Свадьбу сыграли пышно и весело. Родные, друзья, слуги и крестьяне заполонили церковь, а затем толпой хлынули на праздник, последовавший за венчанием. Много танцевали, и все на время забыли войну и тревожные слухи о бунтах и мятежах. Наконец гости начали разъезжаться.
Мария Белгородская пожелала задержаться в Байгоре еще на день. В это трудное время для нее было очень важно подольше побыть с детьми, укрепить их нерасторжимую кровную и духовную связь. Для Ольги, Адички, Игоря и Миши ее желание было свято.

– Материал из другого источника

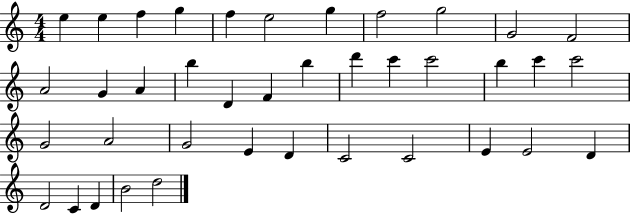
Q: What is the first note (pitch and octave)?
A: E5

Им предстояла разлука, но неизменная материнская любовь осеняла и хранила их повсюду: в Москве, в Петрограде, на поле брани.
Однако час настал; коляски, которые должны были отвезти их на вокзал в Волосово, ожидали у крыльца. Все собрались в большой гостиной подле семейной иконы, той самой, которой Мария благословила Наталию и Адичку, когда они обручились, той самой, что, как говорили, спасла дом от пожара в 1907 году. По обычаю, посидели минуту-другую молча.
Мария поднялась первой и по очереди перекрестила всех. На верхней ступеньке крыльца она в последний раз крепко обняла Наталию.
— Заботься хорошенько о моем Адичке, тебе достался лучший на свете муж.
Затем Наталия расцеловалась с деверями и невестками. Все говорили ей добрые слова, всячески подбадривали.
— Ты теперь хозяйка Байгоры, — сказала напоследок Ольга. — Я уверена, что ты справишься не хуже меня. С людьми будь справедлива, но тверда. Не давай революционной заразе проникнуть в их умы и сумей себя поставить правильно.